WIT LLC, an acronym for the Walton Investment Team, invests mostly in low-cost exchange-traded funds. It held about $5.1 billion in U.S. stocks and ETFs at the end of last quarter, a filing with the US Securities and Exchange Commission showed Friday.
The firm, which oversees money for the world’s wealthiest family, added 3.9 million shares of the iShares MSCI Japan ETF worth about $239.3 million, its biggest new stake and its fifth-largest overall. WIT also bought about $150 million in small-cap stocks through new positions in Vanguard and iShares index funds. The largest holding is the Vanguard FTSE Emerging Markets ETF, which was worth $1.6 billion at the end of the quarter even after it was whittled down.
Its next two largest stakes are in debt funds: the Vanguard Short-Term Treasury ETF and the iShares Short-Term National Muni Bond ETF. WIT added to both positions in the first quarter as front-end yields surged on expectations of accelerated Federal Reserve interest-rate increases.

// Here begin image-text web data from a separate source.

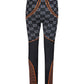 Black Polyamide All over Logo Leggings Pants
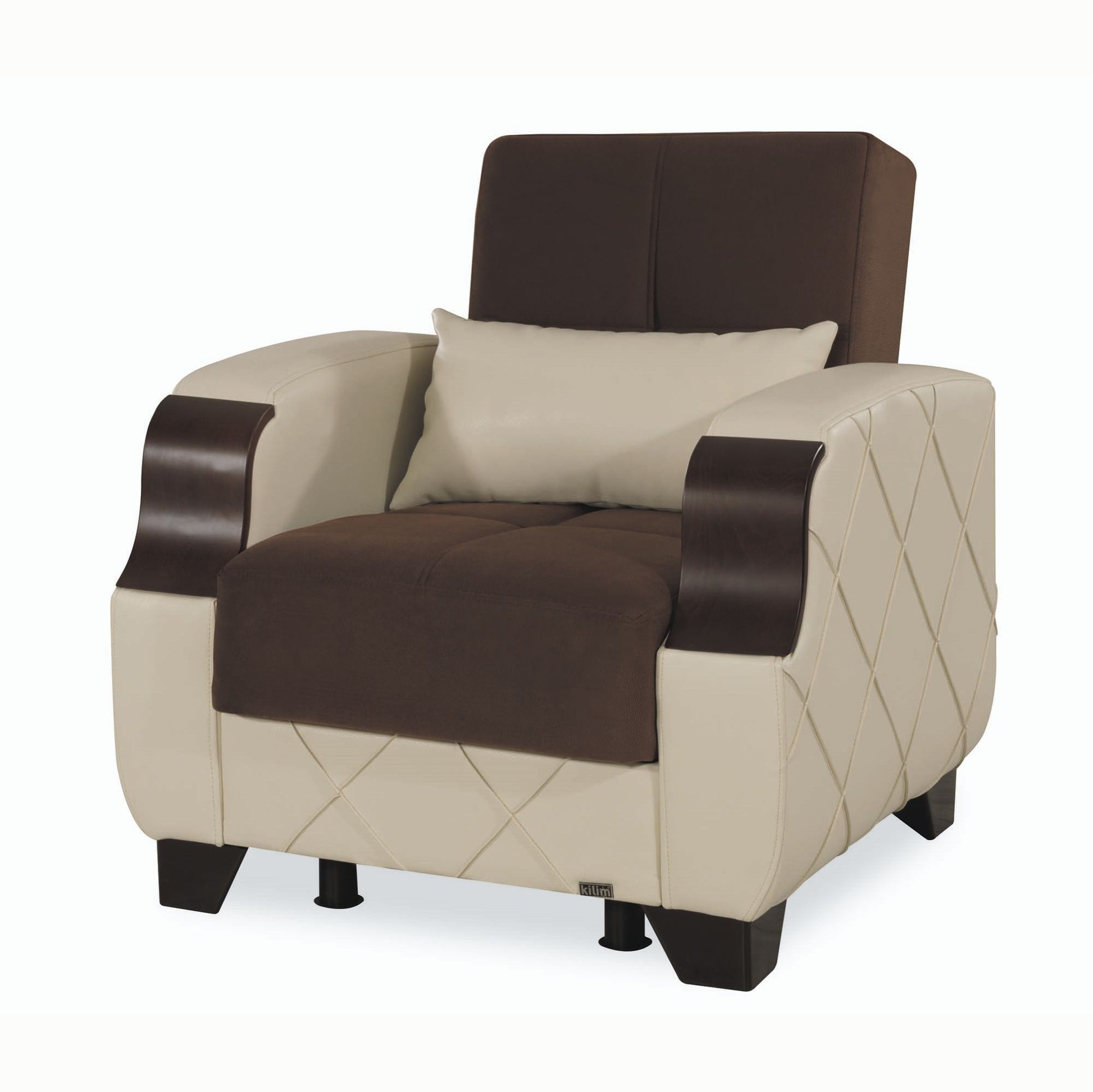 Ottomanson Molina - Upholstered Convertible Armchair With Storage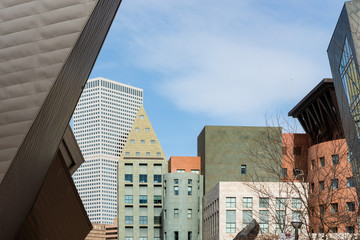 Stadtsilhouette von Denver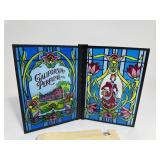 Vintage 1976 California Perfume Company Stained Glass Advertising Panels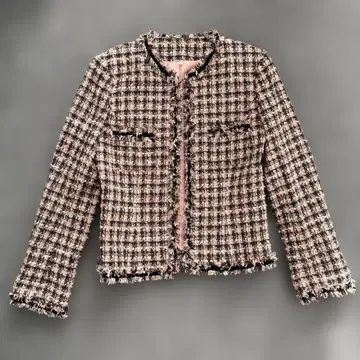 9AR 핑크 계열 트위드 자켓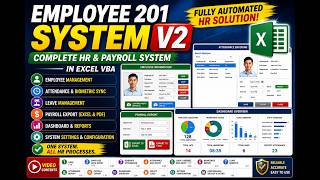 Form 201 Employee Management System V2 (with Biometric Sync & Leave Validation)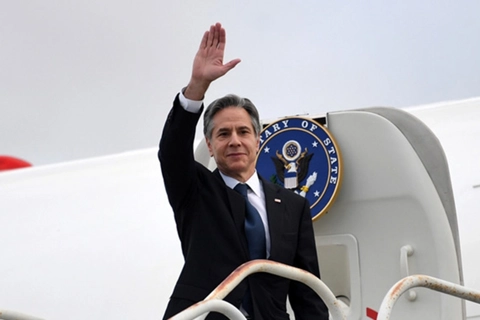 US Secretary of State Antony Blinken lands in Hanoi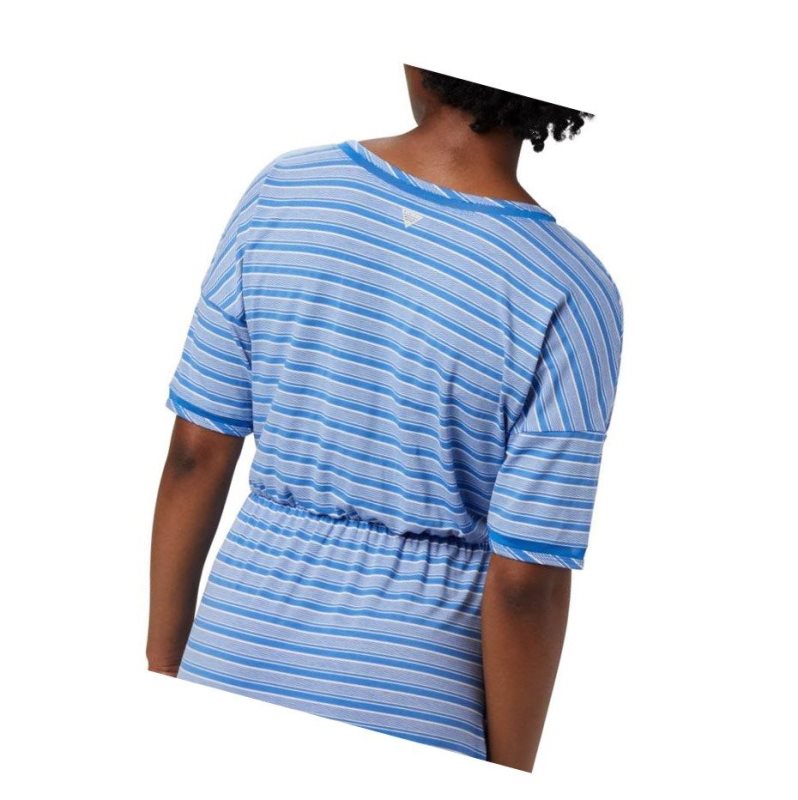 Columbia PFG Slack Water Knit Elbise Kadın Mavi | 91483-MCPD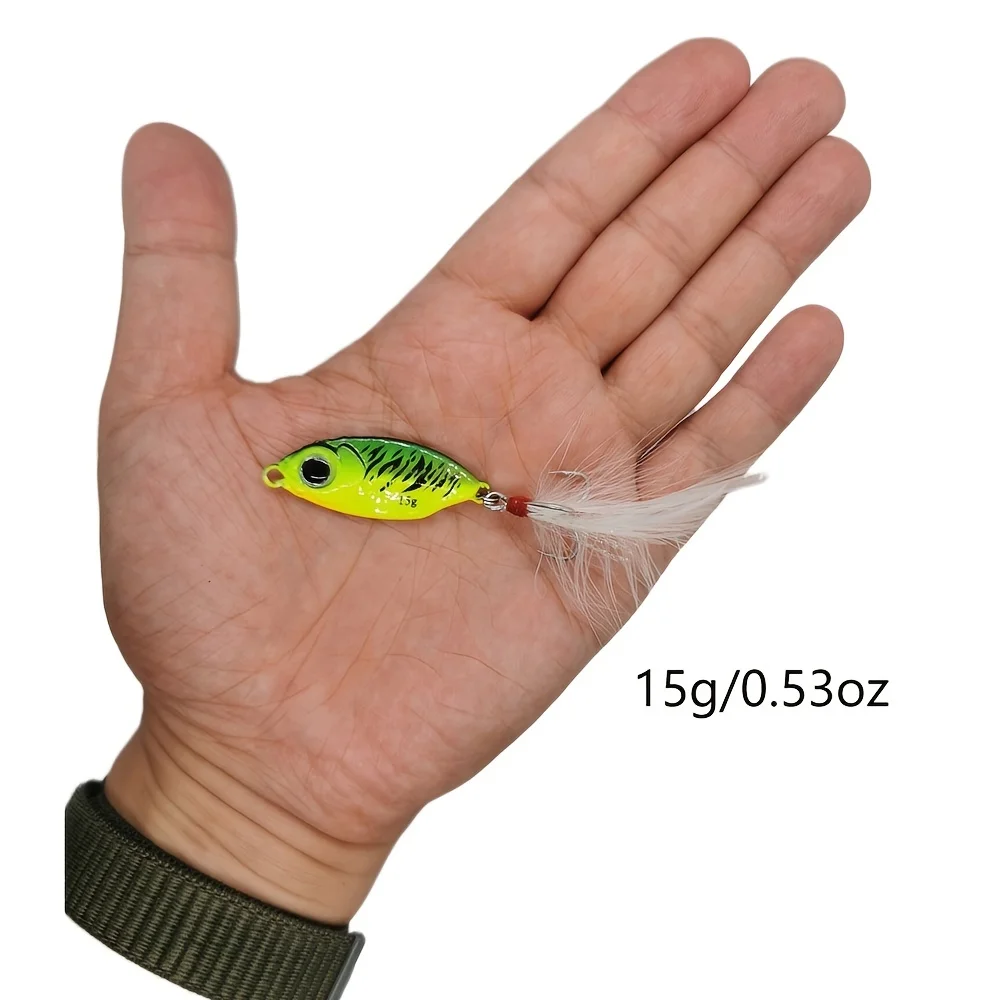 WEIHE 1PC/5PC Long Cast Slow Sink Scale Lure for Sea Bass & Topmouth Culter Fishing Lures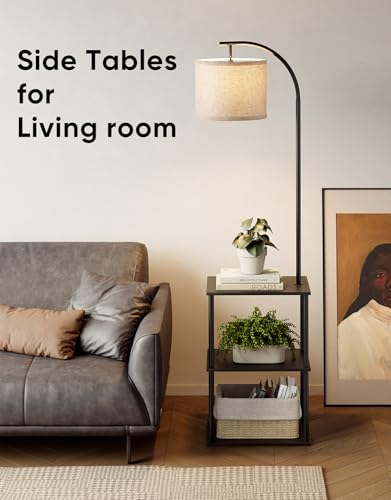 Floor Lamp with Table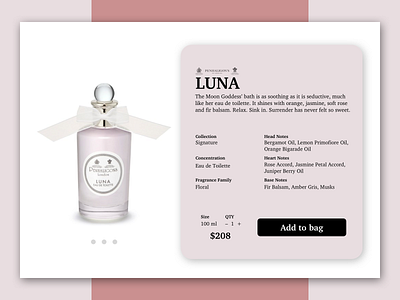 Weekly Warm-up#74: Luxury Page dribbbleweeklywarmup luxurypage productpage web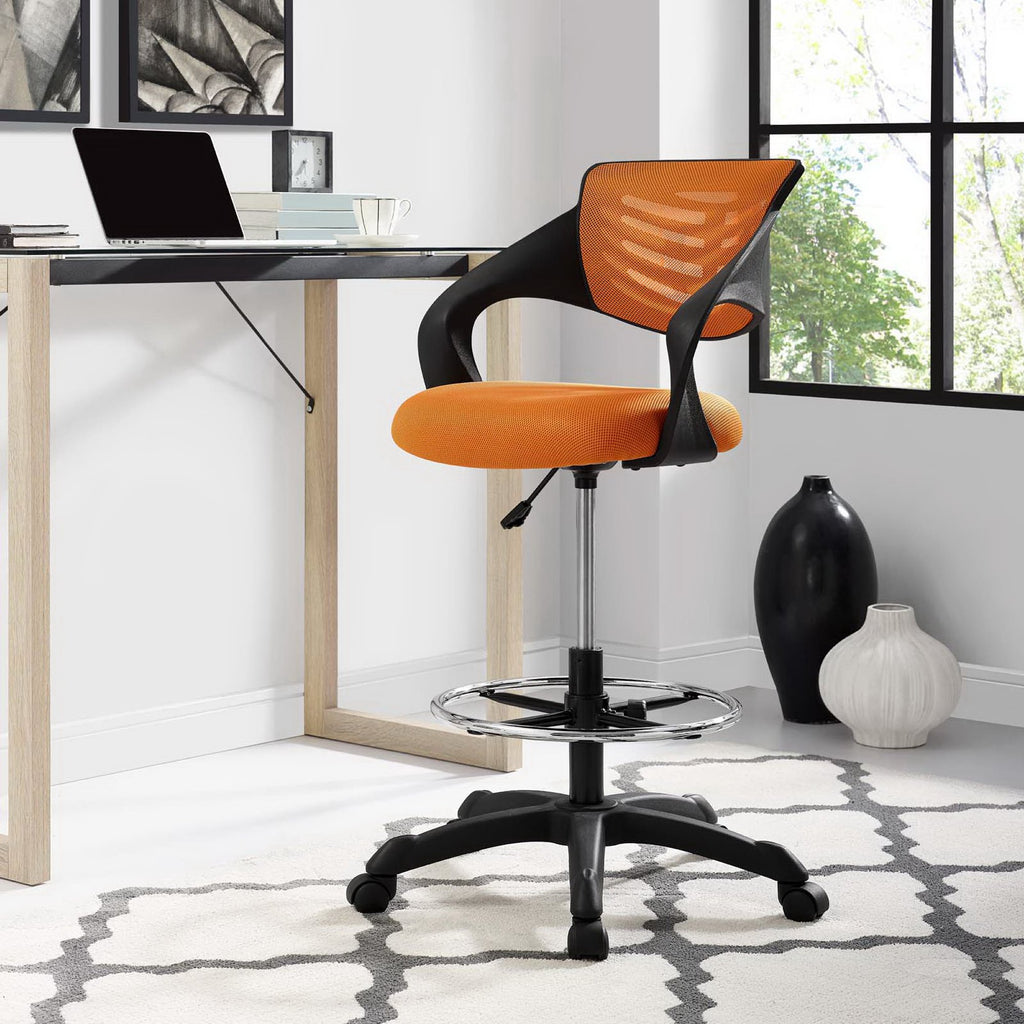 Thrive Mesh Drafting Chair - Orange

While the vast majority of the positions are in index funds, WIT also acquired $15 million of Coinbase, the cryptocurrency exchange whose shares have tumbled 73% this year, and 64% since March 31.
The Walton family’s fortune is estimated to be in excess of $200 billion, according to the Bloomberg Billionaires Index. About half of that is tied to Walmart Inc., the company founded by Sam Walton in 1950.
SEC rules require investors managing more than $100 million in U.S. equities to disclose their holdings, though family offices can appeal to keep these documents confidential.